Up north, the issues of the day revolve around businesses being stacked atop one another. Smart growth (sometimes called growth management or land management), and mass transit, along with alternative fuels, are the primary topics of discussion.



Here in Southwest Virginia, our most pressing issues relate to employers and how we might gain a few. And to hold on to the few we have. We talk here of improving the quality of a woefully inadequate public education system. And of improving the quality of the drinking water. In Southwest Virginia - in 2006 – we talk about putting sewer systems into communities that have never had them.

It’s not that we don’t have our own transportation wish list. There is certainly discussion in some circles about the necessary completion of the Coalfields Expressway and about much-needed improvements to U.S. 58. Then there’s the ongoing debate about I-81 from Roanoke to Wytheville and whether it needs to be upgraded, or converted into some kind of traffic-congesting toll road.

That's all, in the big scheme of things, probably important. But generally, transportation issues aren't uppermost in the thoughts and discussions of folks around here.

What’s uppermost? Paychecks. Food. Clothing. Shelter. The kinds of things taken for granted in the fabulously prosperous north. We think about our small communities like Chilhowie and Galax and the Narrows being decimated by the loss of thousands of jobs in recent years.

What we need in order to solve our job-loss problems are employers, pure and simple. What we don’t need are more taxes adding to an already heavy burden being carried by those who provide us with an ever-dwindling number of jobs.

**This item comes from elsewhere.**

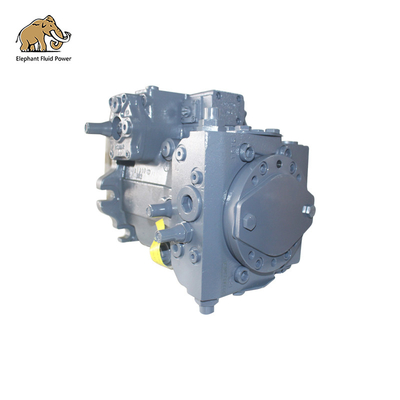 콘크리트 펌프 트럭 부품 Putzmeister 273904001 Rexroth A4VG125HD 수압 펌프 및 수리 부품 재고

A message for state Senators Phil Puckett and Roscoe Reynolds, both of whom can be called upon to loyally carry the Democratic Party’s water when it’s time to vote in favor of another tax hike to solve transportation issues that are, overwhelmingly, northern Virginia issues: Your allegiance is not to Fairfax or Alexandria. You owe it to your constituents here to vote in their best interests. In fact, it goes beyond that. Your votes in favor of tax hikes do considerable damage to those who are most in need of your help.

There are those who argue that we shouldn’t be trying to pound a wedge between north and south; that we’re all ultimately in this together. Really? It’s fair to suggest that higher taxes will drive more Southwest Virginia employers out of business and our governor and most state legislators are arguing in favor of raising them and raising them again. We are all in this together to benefit whom?

We’re going to raise taxes here to pay a quarter of a billion dollars to construct a tunnel for a small stretch of rail line from Tyson’s Corner to Dulles airport (that amount is just to run it underground; the four-mile railroad extension project will cost $4 billion in its entirety) so as to not affect property values and to preserve Tyson’s scenic ambience?

We’re willing to vote people out of work in Saltville and Pulaski and Hillsville for that?

People in the state’s poorest county, Lee, are going to pay for a tunnel in Fairfax County, the state’s wealthiest, so people don’t have to look upon an unsightly train track when they stroll over to Starbuck’s for their daily Venti Peppermint Java Chip Frappuccino?

I don’t think so.

It’s time our elected representatives were on our side. That means voting to create jobs. And that is accomplished, in part, by reducing the tax burden on Southwest Virginia’s employers.

Folks up north want their roads repaired? Ain’t nobody stopping them.